If I’ve hit one point again and again in this space, it’s that you can’t mess around with your best prospects. Mayer was the fourth pick in the 2021 draft. He has been rated in the top 50 by every prospect hound since, and in the top 25 by most of them. The Sox declined opportunities to trade Mayer when they were in the wild-card chase each of the last three seasons. He’s not some guy. He’s one of the cornerstone players for a team that burped up two other cornerstone players in the last year.
Alex Cora has to knock this crap off, immediately. Mayer has 13 plate appearances in June, which is how you ruin a 22-year-old. Cora is treating Mayer like he’s Rance Mulliniks, not his everyday third baseman, and there’s no cause for that.

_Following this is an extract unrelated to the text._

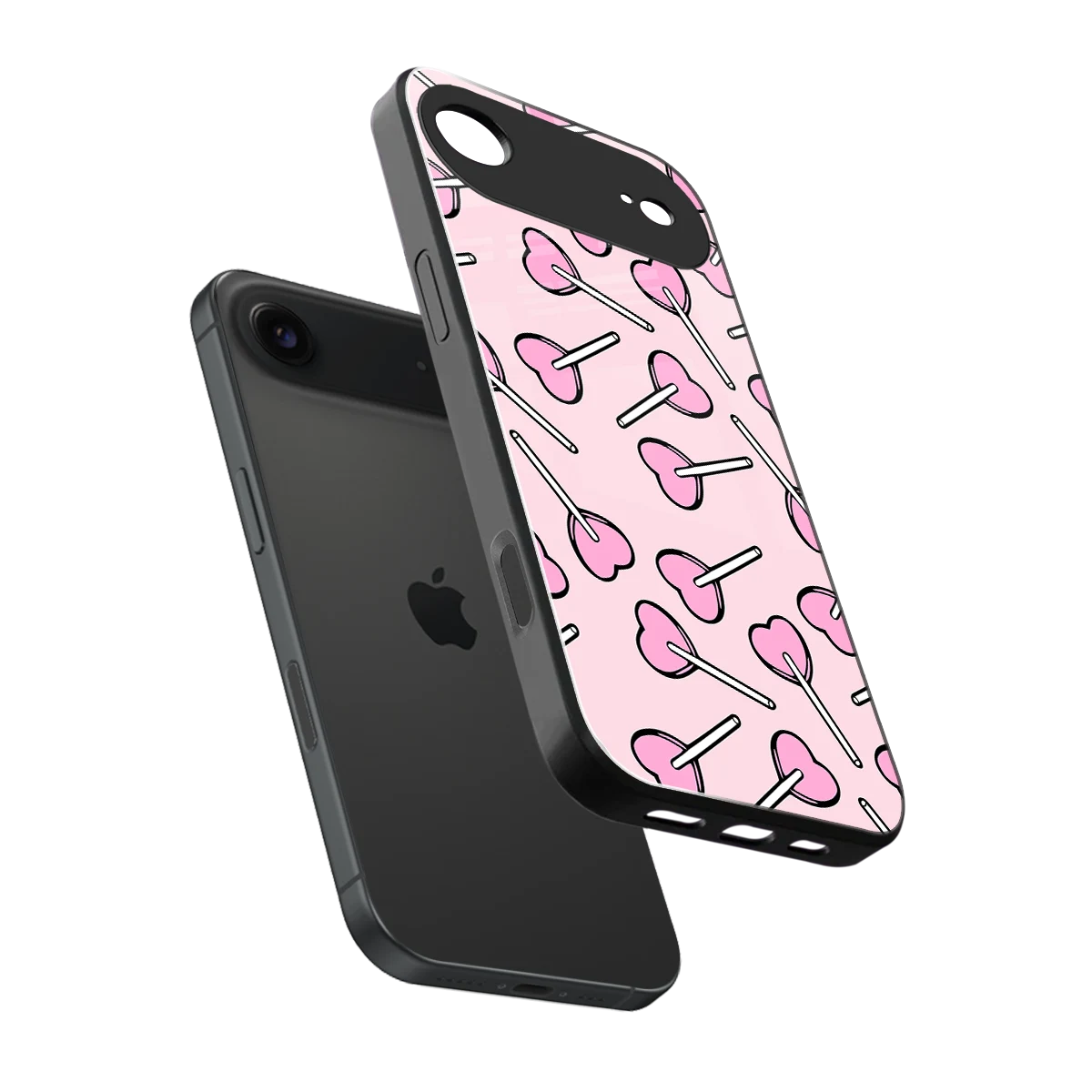 Lollipop Fusion sleek iphone air cover with tempered glass back and TPU edges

For one, we have no idea whether Mayer needs to be platooned. He’s gotten seven plate appearances against lefties, with a single and three strikeouts. In the minors this year, he slashed .271/.300/.458 against southpaws, more than respectable, though his 15/1 K/BB is reason for concern. In 2024, he hit .258/.319/.355 against lefties, in 2023, it was .250/.281/.423. We’re talking about fewer than 200 PAs against lefties in the the three years combined, and given how minor-league starters are used, probably never seeing a lefty three times in any game. There is absolutely nothing in his record so far that justifies treating him as a strict platoon player.
Cora’s mishandling of Mayer informs what he’ll do with Roman Anthony, who made his MLB debut last night and, sure enough, was pulled against a left-handed reliever in the 11th inning. Cora left Anthony in to face southpaw Garrett Cleavinger in the sixth but couldn’t help himself five frames later, pinch-hitting Rob Refsnyder for Anthony.
From the day he got the job, and then got it a second time after his suspension, Alex Cora has managed a veteran-heavy team with a mandate to win now. The second part of that is still there, with the Red Sox 4 1/2 games out of a wild-card spot, having not made the playoffs in four years. We have no idea, though, whether Cora can develop young players. With Mayer, Anthony, Kristian Campbell, and Ceddanne Rafaela all on his roster, Cora has to shift his approach, even if it means giving up some leverage in spots. If he can’t see his way to treating those four as everyday, every-inning players, he’s the wrong man for the current Red Sox.